(RECORD SET)
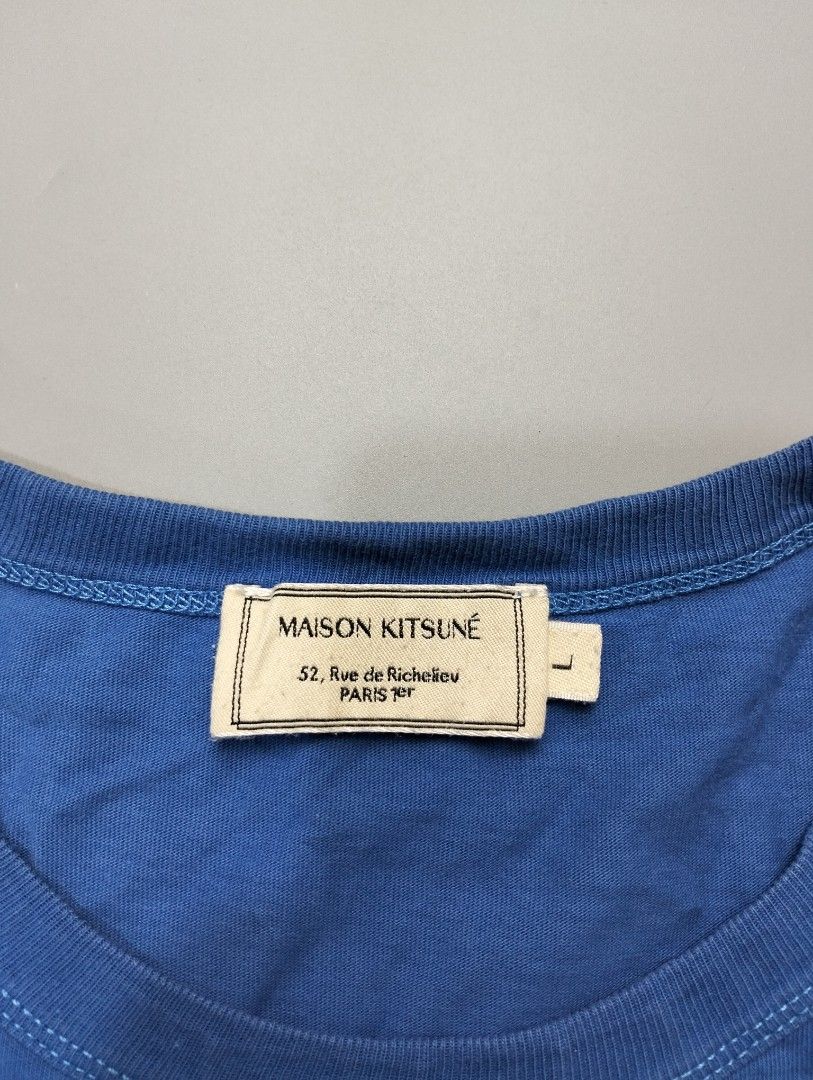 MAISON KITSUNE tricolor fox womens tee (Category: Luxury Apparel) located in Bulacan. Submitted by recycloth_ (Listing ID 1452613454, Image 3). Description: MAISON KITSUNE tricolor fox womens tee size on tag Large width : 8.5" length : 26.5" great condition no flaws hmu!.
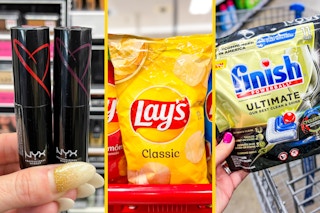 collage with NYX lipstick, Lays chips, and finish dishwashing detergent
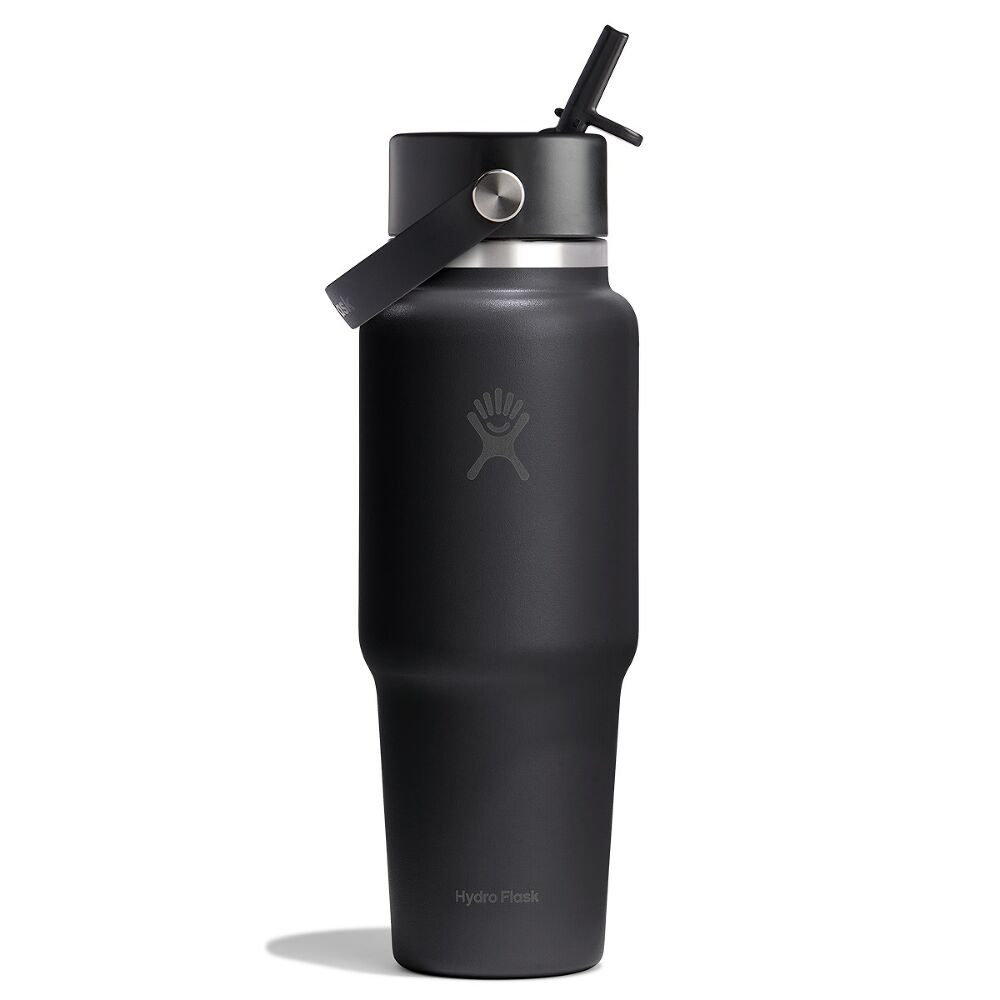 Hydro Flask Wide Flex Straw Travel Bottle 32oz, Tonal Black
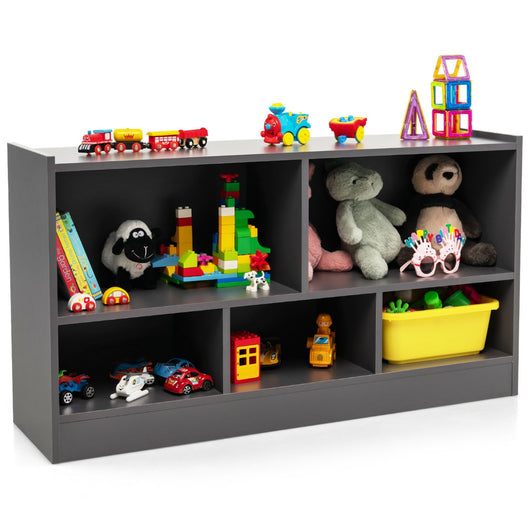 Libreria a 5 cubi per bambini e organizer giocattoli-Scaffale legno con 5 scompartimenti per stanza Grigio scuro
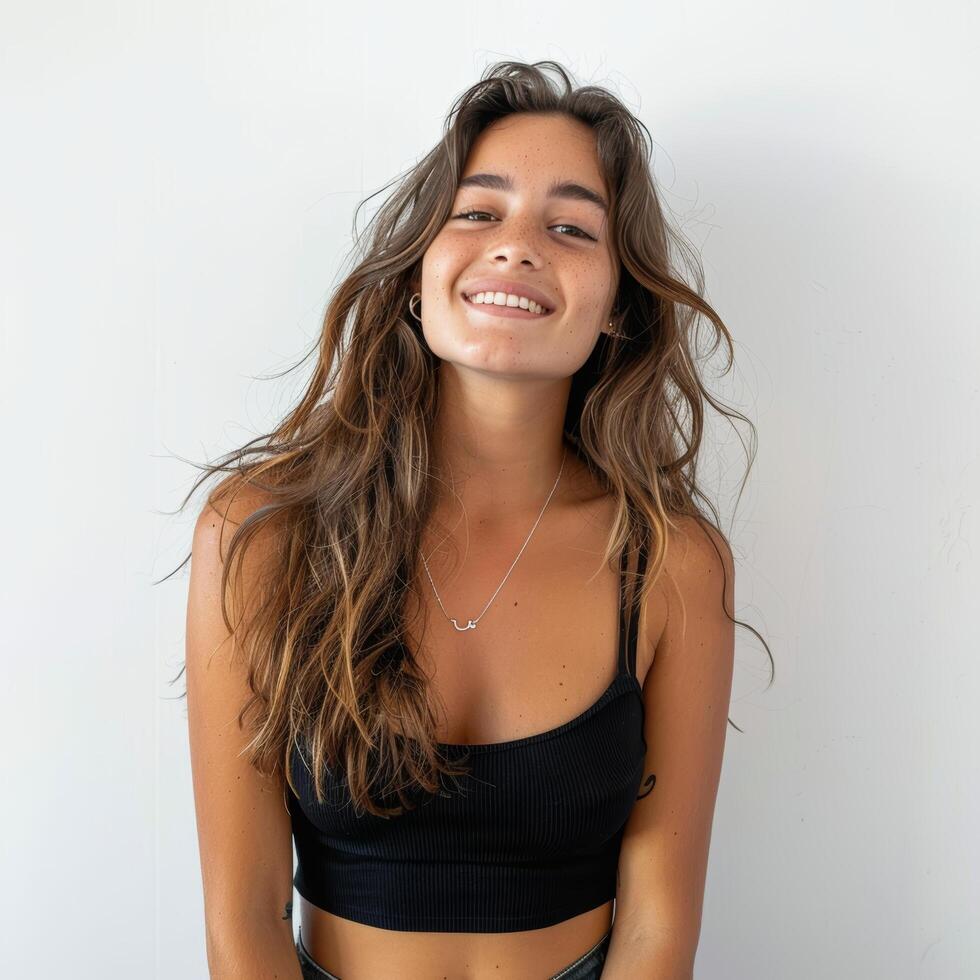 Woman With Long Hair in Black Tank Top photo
(End RECORD SET)
> BRIEF
Without the pictures, retype exactly the lines from the one that holds "collage with NYX" to the last line of the data above, both of them included.

> EXERCISE OUTPUT
 collage with NYX lipstick, Lays chips, and finish dishwashing detergent
 Hydro Flask Wide Flex Straw Travel Bottle 32oz, Tonal Black
 Libreria a 5 cubi per bambini e organizer giocattoli-Scaffale legno con 5 scompartimenti per stanza Grigio scuro
 Woman With Long Hair in Black Tank Top photo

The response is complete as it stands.